= Robert Ellis Dunn =

American musician and choreographer

Robert Ellis Dunn (1928 – July 5, 1996) was an American musician and choreographer who led classes in dance composition, contributing to the birth of the postmodern dance period in the early 1960s in New York City.

==Early years==
Dunn was born in Oklahoma, where he toured the state early on in his career as a tap dancer. However, his first training in the arts was in music, and he studied music composition and theory at the New England Conservatory. From 1955 to 1958 he studied dance at the Boston Conservatory of Music and taught percussion for the dancers of the conservatory. The Boston Conservatory is where Dunn first began working with Merce Cunningham.

==Career==
Robert Dunn first collaborated with Merce Cunningham in performances in Boston and New York City in 1958. He soon moved to New York, where he worked as a piano accompanist at the Cunningham Studio. Dunn had attended some of John Cage and Richard Maxfield’s seminars on experimental and electronic composition at the New School for Social Research in New York City, and Cage encouraged Dunn to continue these classes, which were first taught at the Cunningham Studio. Dunn applied many of Cage’s principles regarding music to his movement classes. Dunn’s students included musicians, visual artists, and dancers such as Simone Forti, David Gordon, Steve Paxton, Meredith Monk, Lucinda Childs, Yvonne Rainer and Trisha Brown.

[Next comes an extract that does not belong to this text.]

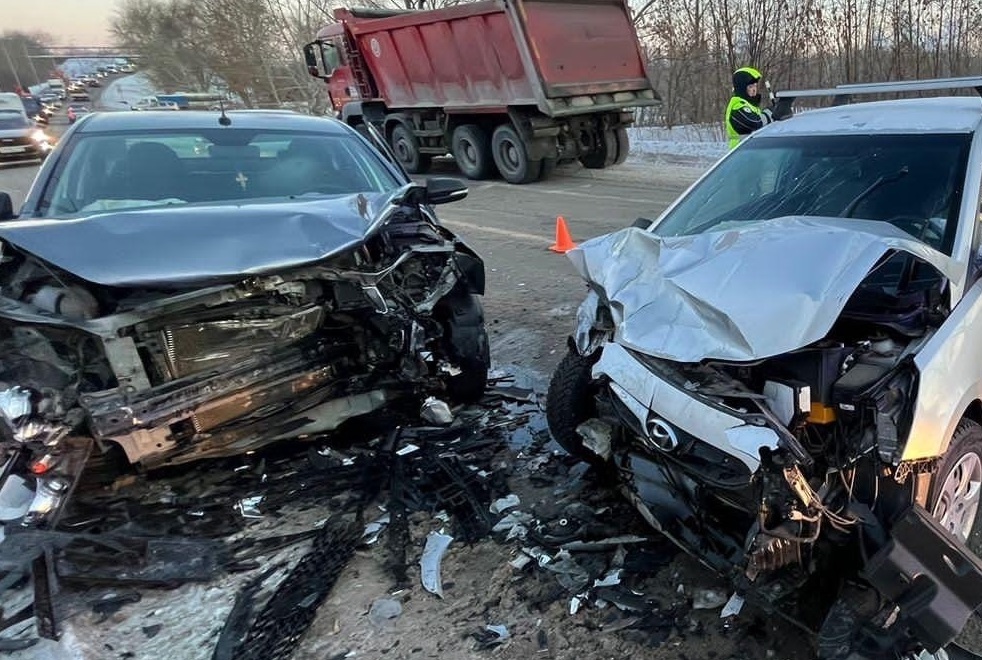 20-летняя водительница из Уфы попала в больницу, столкнувшись со встречным автомобилем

In July 1962, the class performed their work at the Judson Memorial Church. This performance is widely considered the beginning of a new era in modern dance that was based on non-traditional methods of approaching choreography and performance, specifically regarding the use of improvisation. Dunn went on to teach at many professional schools and universities, including Columbia Teachers College and University of Maryland, College Park. Dunn also served as an assistant curator at the Research Dance Collection at the New York Public Library for the Performing Arts at Lincoln Center from 1965 to 1972. He continued teaching at University of Maryland College Park until late in life. Dunn also became interested in dance for camera, or “videodance,” in which an installation was created with Matthew Chernov and premiered at the Haggerty Museum of Art in Milwaukee on January 30, 1997, a few months after his death. Robert Dunn died of heart failure in New Carrollton, Maryland, on July 5, 1996. He was 67 years old.

==Philosophy==
Dunn appreciated John Cage’s non-judgmental approach to teaching, and analyzed structure, form, method, and materials over praise or criticism of a work. Dunn pushed students to experiment with phrasing, technique, musicality, and logic in order to develop a new style of dance. Dunn also encouraged his students to create writing that defined the parameters of the dance. Movements were created out of improvisation, and many variables could change the movement. Timing was sometimes cued by the changing signal of a traffic light outside the studio window. The 1962 performance of these classes in the Judson Memorial Church marked a historic moment: the beginning of postmodern dance. Dunn’s experiments with music, movement, and surrounding elements greatly influenced many post-modern dancers including Steve Paxton, father of contact improvisation. Later in life, Dunn became interested in “videodance”, which he felt exposed dance to those who did not seek it out, and gave the choreographer the ability to draw attention to certain details of a piece. While Dunn had distinct ideas regarding composition, he did not wish to define or codify a style of movement, and insisted on his work always being seen as an evolving process rather than a proven theory.

==Honors and awards==
Dunn was given a ‘Bessie’ New York Dance and Performance Award in 1985. He also was awarded the American Dance Guild Award in 1988, and had a scholarship named after him at the Laban/Bartenieff Institute of Movement Studies (LIMS) in 1993. His “videodance” collaboration “DanceFindings: Robert Ellis Dunn Videodance Installation” with Matthew Chernov was on exhibit at the Haggerty Museum of Art in the winter of 1997.

==Quotations==
Yvonne Rainer said to Dunn in a conversation printed in Artforum in December, 1972, "I don't remember that your teaching ever insisted on any one thing."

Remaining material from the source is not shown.